Tarleton State University’s plan moving forward for fall 2020

By: Alexis Burkett

As of this March, Tarleton State University transitioned to online classes following the COVID-19 pandemic. With everything going on many students are left wondering what the fall semester will hold and the class options that will be available.

After nearly six months of online coursework, students are eager to know what the fall semester will hold at Tarleton. Tarleton’s Director of Creative Services Ms. Robin DeMott answered questions regarding what the fall semester would look like.

DeMott said, “Tarleton State University is offering both Hy-flex and online classes this fall. Hy-flex is a delivery mode that incorporates a combination of face-to-face class meetings, remote sessions where students and faculty may connect via technology such as Zoom and truly online assignments and activities that are often completed asynchronously. The Hy-flex model will allow faculty and students the flexibility to deliver and receive course content while also honoring social distancing expectations. Additionally, we will continue with our practice of offering online courses, particularly in those disciplines where this has been a longstanding practice.”

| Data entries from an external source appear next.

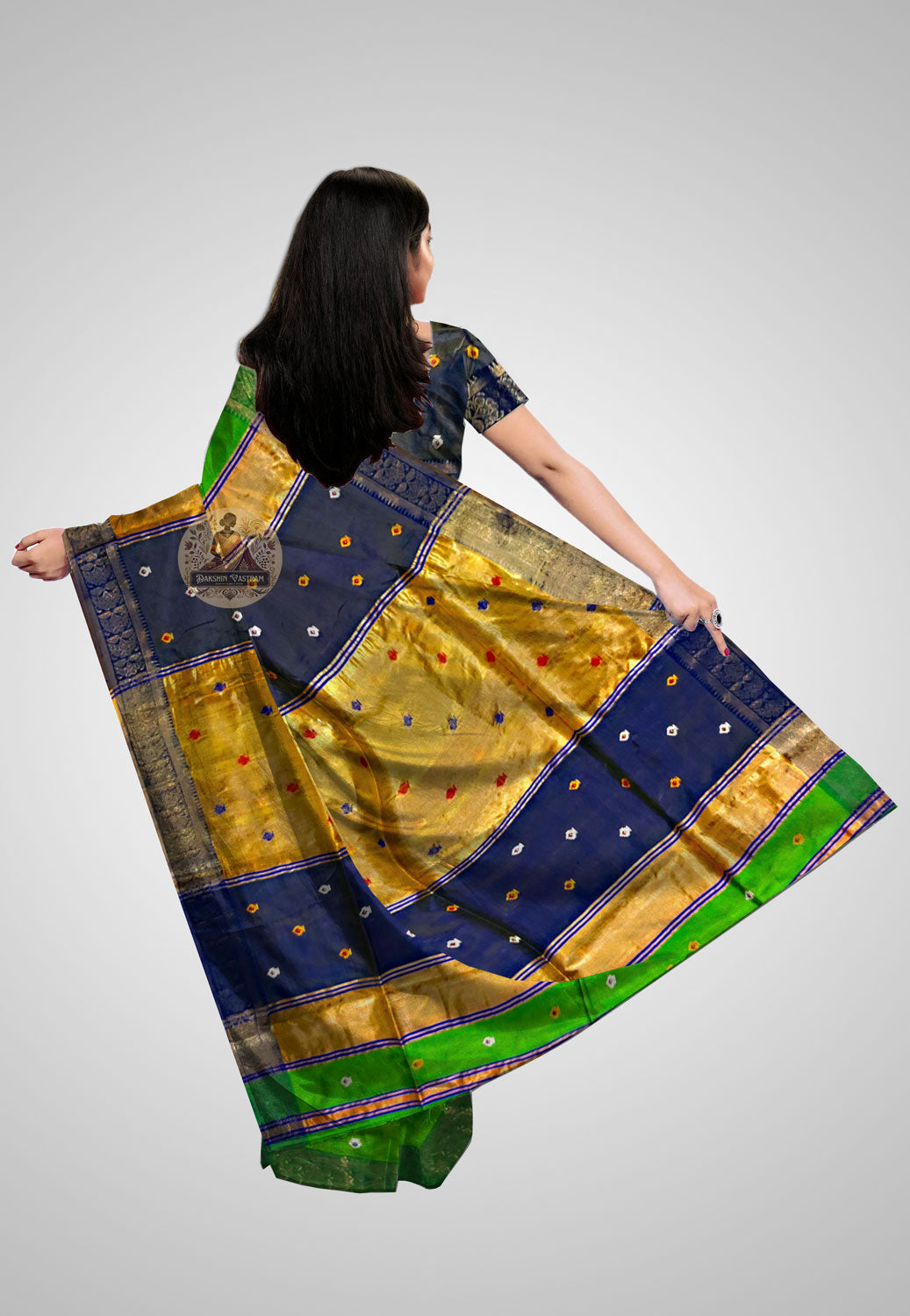 Back view showing pallu artwork – Traditional storytelling in silk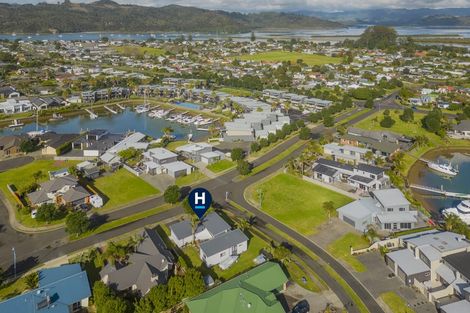 Photo of property in 2 Pelican Place, Whitianga, 3510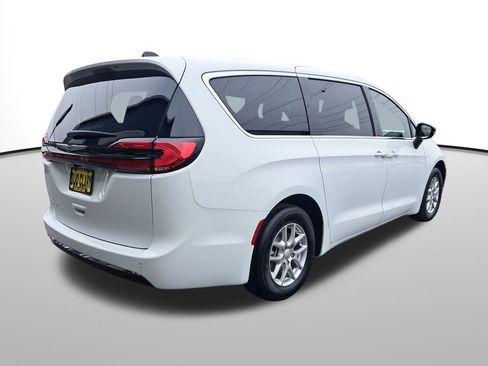 New 2026 Chrysler Pacifica Select image 6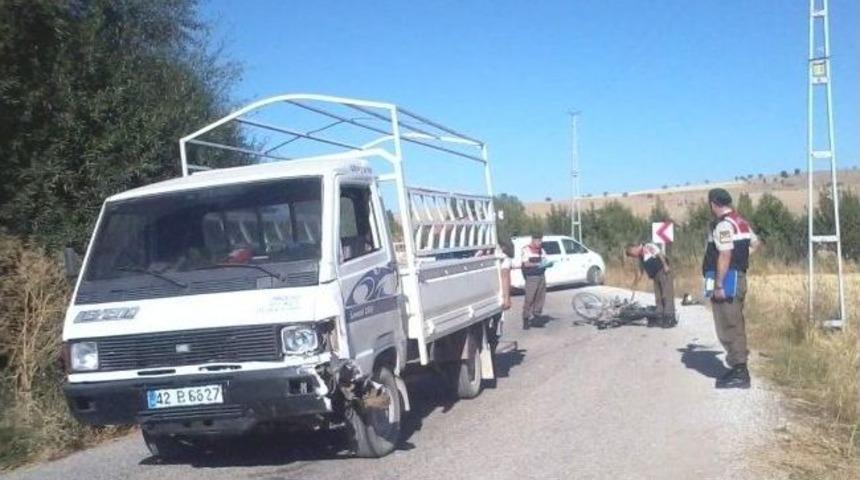 Konya'da Kamyonet İle Motosiklet &Ccedil;arpıştı 2 Kişi Yaralandı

There is no expectation that the cost of tuition will vary because of the unknown circumstances surrounding the upcoming semester, although many face-to-face classes have been converted to online or Hy-flex classes.

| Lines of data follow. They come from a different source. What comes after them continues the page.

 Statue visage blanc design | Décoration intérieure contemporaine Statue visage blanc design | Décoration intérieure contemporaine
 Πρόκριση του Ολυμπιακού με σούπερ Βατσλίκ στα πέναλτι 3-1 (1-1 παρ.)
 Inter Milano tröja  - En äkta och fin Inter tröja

DeMott said “Deans, department heads and faculty have worked together to determine the most appropriate delivery method for each of our courses given our plans for social distance this fall. In many cases, a single course may be offered with both a Hy-flex and an online section to provide options for both faculty and students.”

Rather than limited class sizes, Tarleton is accommodating COVID-19 rules and procedures by evaluating the educational facilities to determine the maximum capacity that follows the CDC guidelines on social distancing to best suit the class sized to classrooms.

DeMott said, “Faculty will work with their respective classes to set a schedule for any applicable face-to-face instruction, often with one-third of a class meeting each day of a three-day-a-week course and one-half meeting each day of a two-day-a-week course.”

Meeting on campus again raises questions pertaining to the possibility of an outbreak on campus. COVID-19 statistics are steadily increasing by the day and even without students on campus Erath county has surpassed 100 cases of coronavirus.

DeMott said, “Tarleton will continue to follow guidance from state and local public health authorities when students are advised to isolate upon testing positive for COVID-19 or quarantine for those who have come in close contact with an individual who has tested positive. It is our goal to provide support services to our students whether they choose to return home to isolate or quarantine or decide to remain in an on-campus residential facility. The CDC defines “close contact” as any individual who was within six feet of an infected person for at least 15 minutes starting from two days before illness onset (or, for asymptomatic patients, two days prior to positive specimen collection) until the time the patient is isolated.”